I recently purchased a Genz Benz GBE 1200 as a back up tour head, my primary is my Fender Bassman 300 Pro through an Ampeg 8x10 and I absolutely love it. So much raw low-end power and when the pre's are pushed to that lovely point of distorted break up it's pure tone heaven. The few times I have spent with the Genz I am always extremely impressed with how easy it is to dial in either a flawlessly smooth, clean, sound or a high gain, fuzzy, metal tone. You have the choice of using a FET channel which I have found is best when you need that fast snappy attack when playing slapping,popping, or tapping riffs and a Tube channel that produces such warm, fat, buttery tone that you might think you're playing through an all tube head. You can run the two channels mixed together for limitless tonal variety. This head has massive power, and I mean BIG. Switchable 8/4/2 ohm 550W/1000W/1200W output will make any cab your bitch without even breaking a sweat. You'll be better off going to the Genz Benz site to really get an idea of all the features this beast has to offer but I was very impressed with what the rear panel in particular has to offer and the solid machined aluminum knobs are great, not many other companys put these on their heads these days. With that said, I am also selling this bad boy. It's minty fresh with maybe 2-3 hours playtime max, fan cooled, 5 button foot switch. I am in So.Cal. so pm if you would like some more info.


----------



## Krankguitarist (May 10, 2012)

After a lot of research, listening to sound clips and videos, reading reviews, trying out shit at the store, I've narrowed down my options to either the Genz Benz Shuttle MAX9.2 or the Streamliner 900.

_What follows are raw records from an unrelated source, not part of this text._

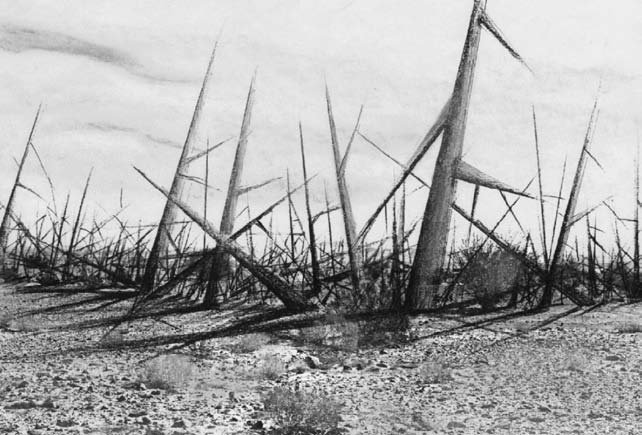 Jake Landau (He/Him) 🇨🇦🇵🇸🇻🇪🇺🇦 tweet media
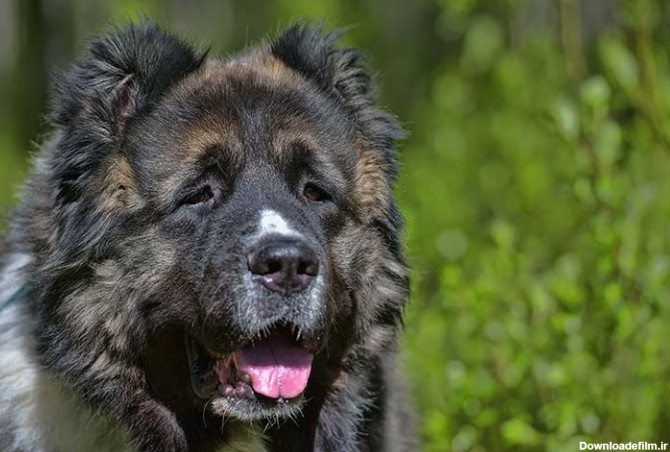 مشخصات کامل، قیمت و خرید نژاد سگ سگ گلۀ قفقازی (Caucasian Shepherd ...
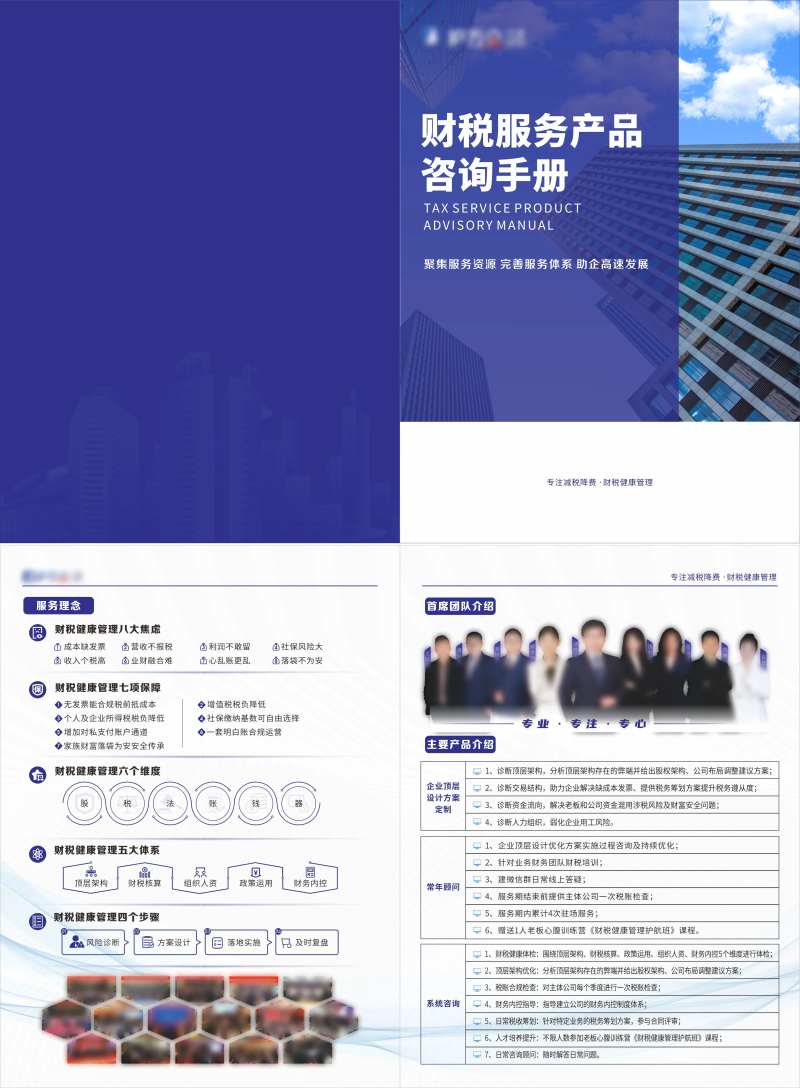 财税服务产品咨询手册宣传册-采灵感-cailinggan.com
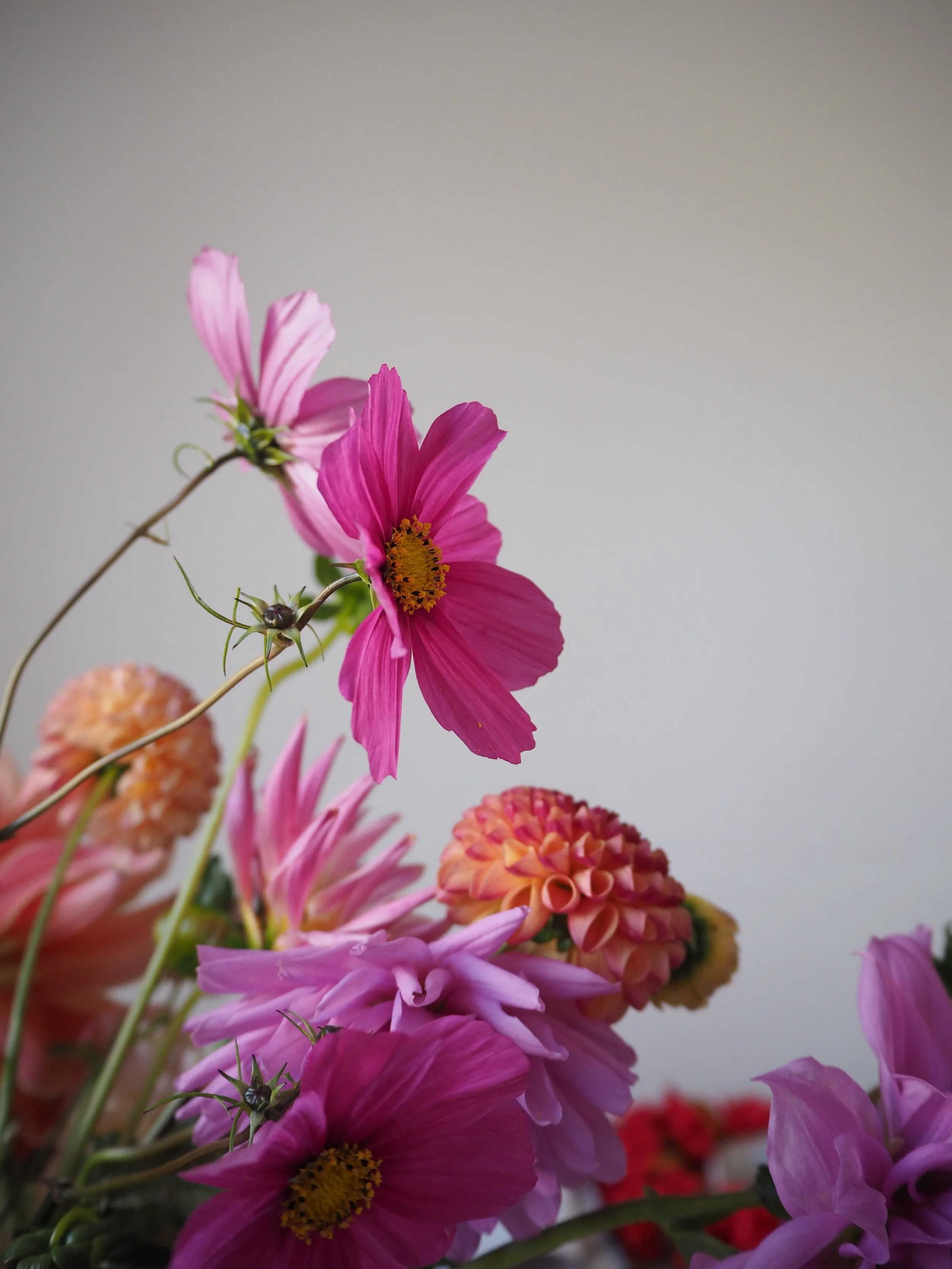 image showing bright pink cosmos and orange dahlias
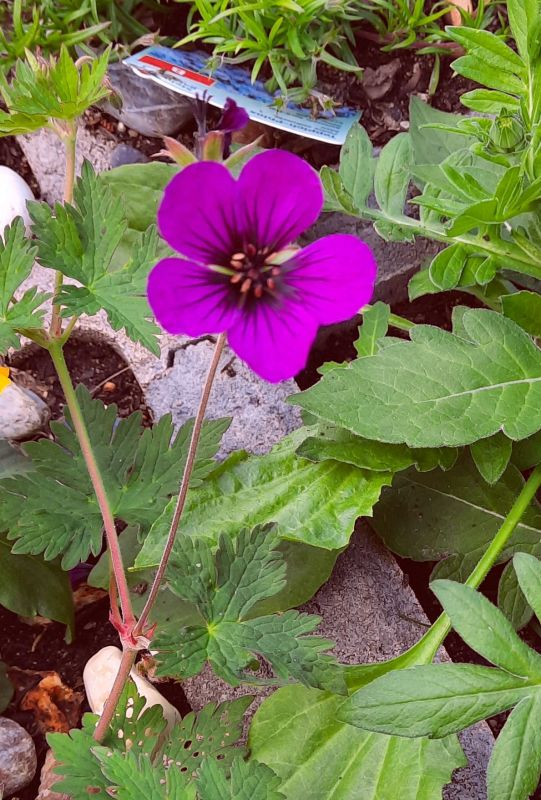 Geranium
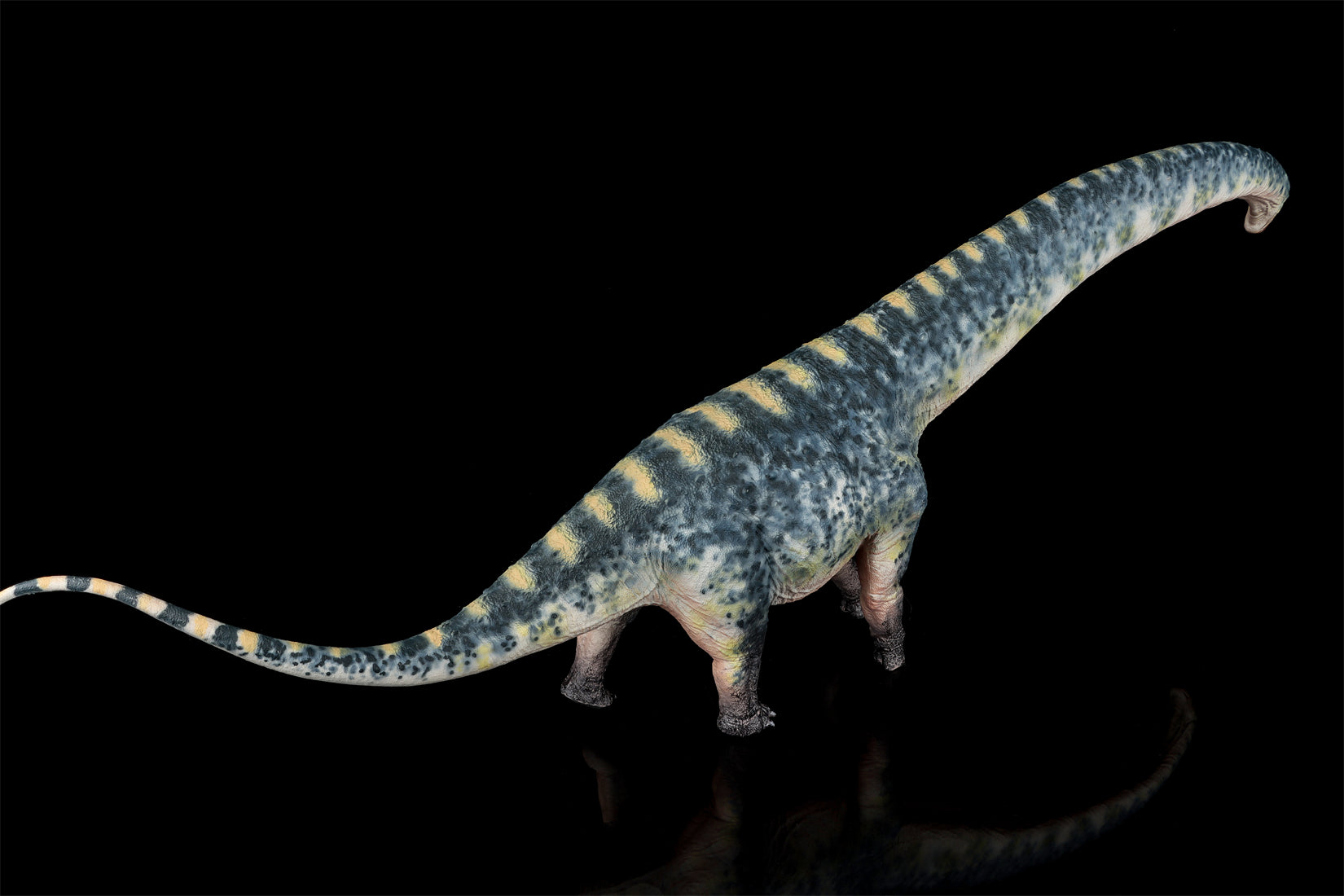 HAOLONGGOOD 1:35 Scale Dreadnoughtus Model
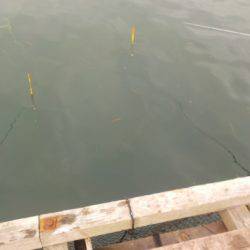 淡路じゃのひれフィッシングパーク 釣果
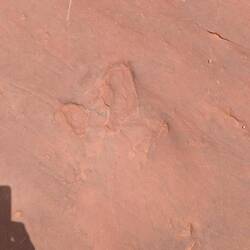 Ślady Dilophosaurusa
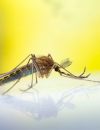 Les larves des moustiques participent à nourrir nombre d'espèces sur Terre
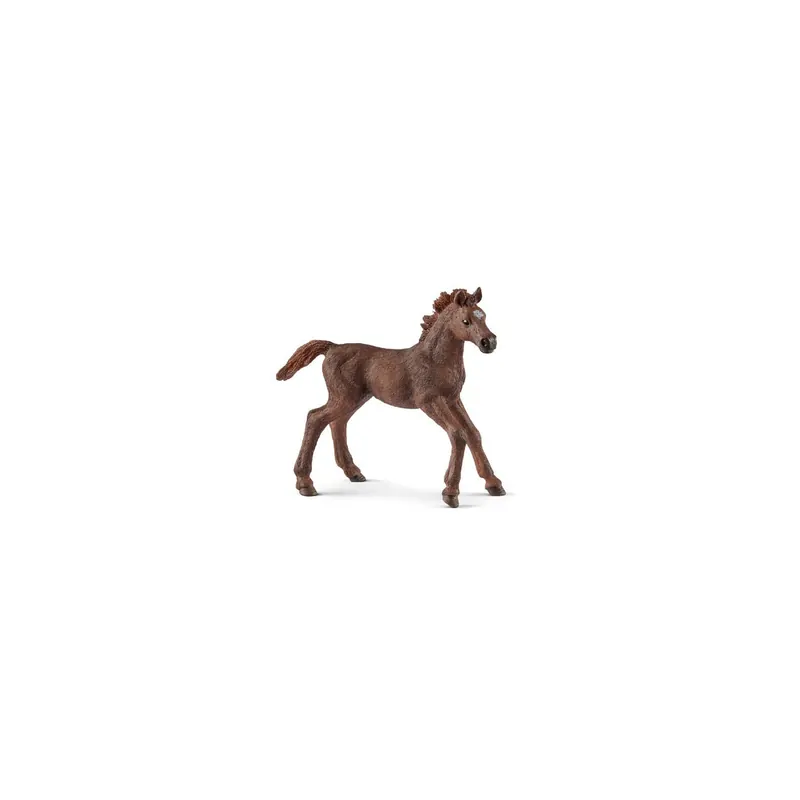 Poulain Pur-sang anglais Schleich 13857 | Figurine Cheval
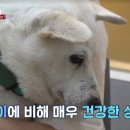 복도농장 이미지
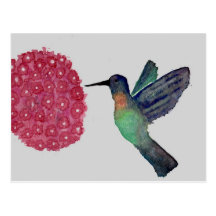 Colibri Tarjetas Postales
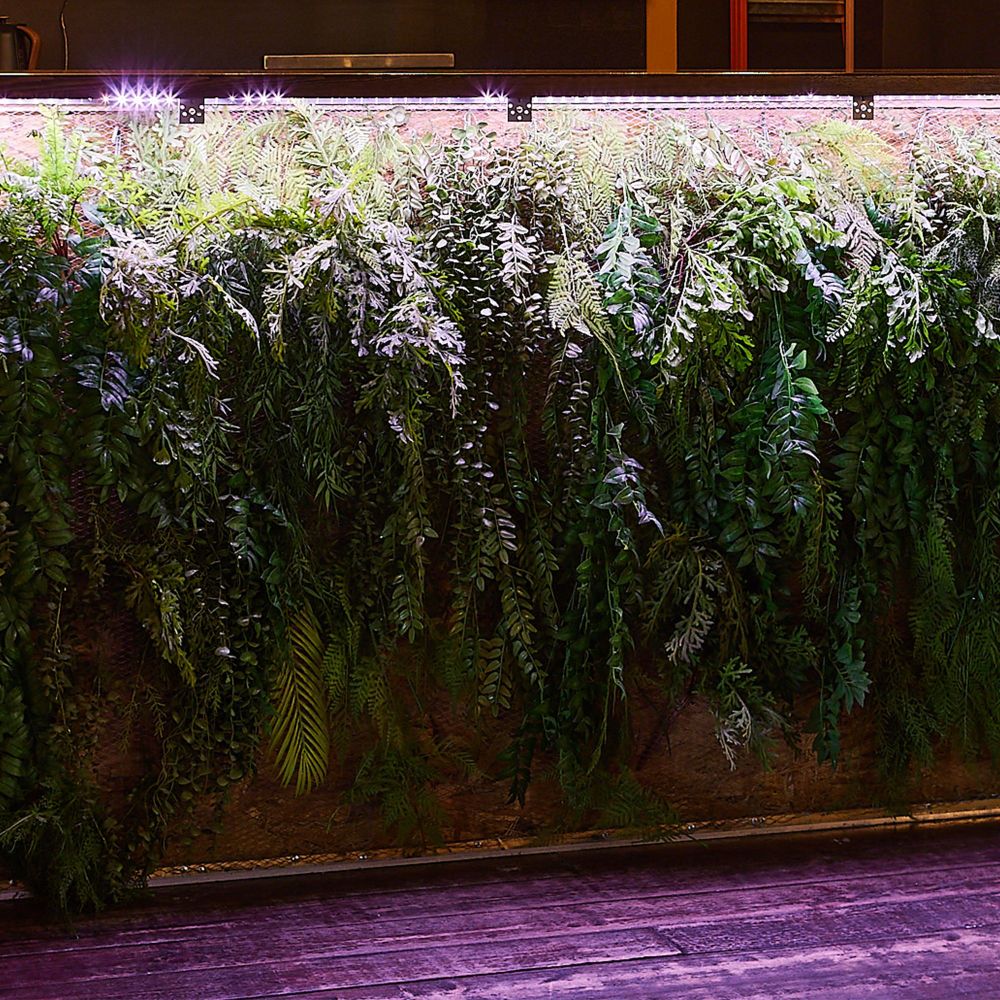 ULS-P71-2835-42LED-m-IP65-3M-SPLE RRP24C00 Комплект светодиодной ленты 3м. Спектр для фотосинтеза. Адаптер 24Вт. Блистер. TM Uniel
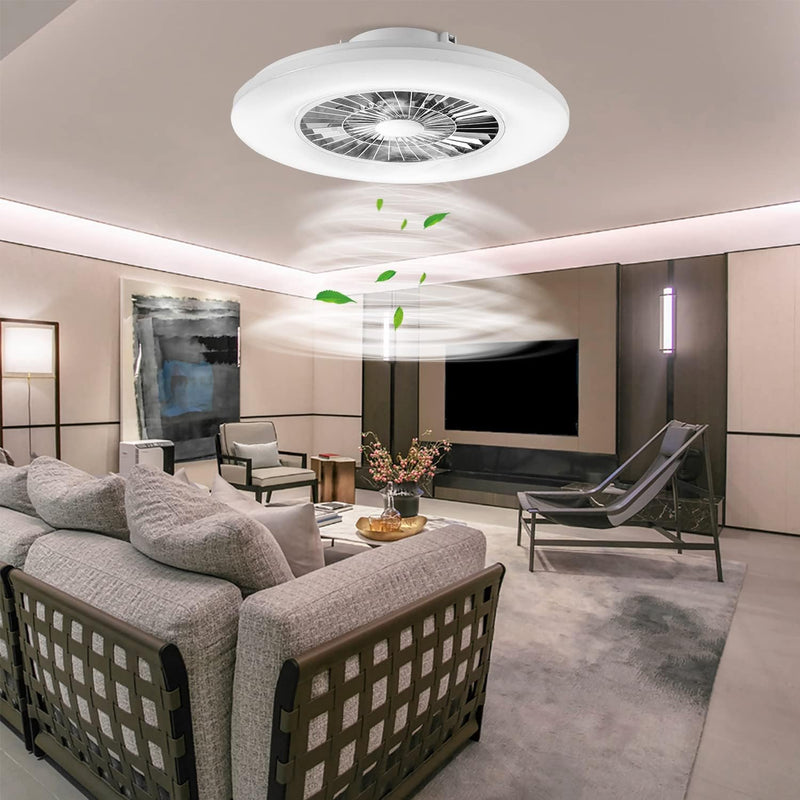 60CM LED Ceiling Light with Fan Lights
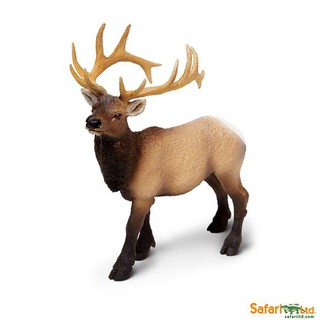 Safari Ltd. : SFR180329* โมเดลสัตว์ Elk Bull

Both have their pros and cons...I'm currently leaning towards the shuttleMAX, but it's...a little knobby. I appreciate flexibility, but I'm really a plug-in and go sort of player. It's a little intimidating.

The Streamliner is much more appealing in that respect, though I'm not sure if it's going to be tight enough in the low end for my needs. We really ride that low B string a lot, and I want to have a nice, clean response in that frequency range.

I'm not going to be picking one up until after the 19th...That's going to be my final "test date", as that'll be my first gig with the band. If all goes well, I'll be buying something after that.


----------



## Styxmata (May 19, 2012)

I heard the Genz Benz GBE 1200 is super awesome!


----------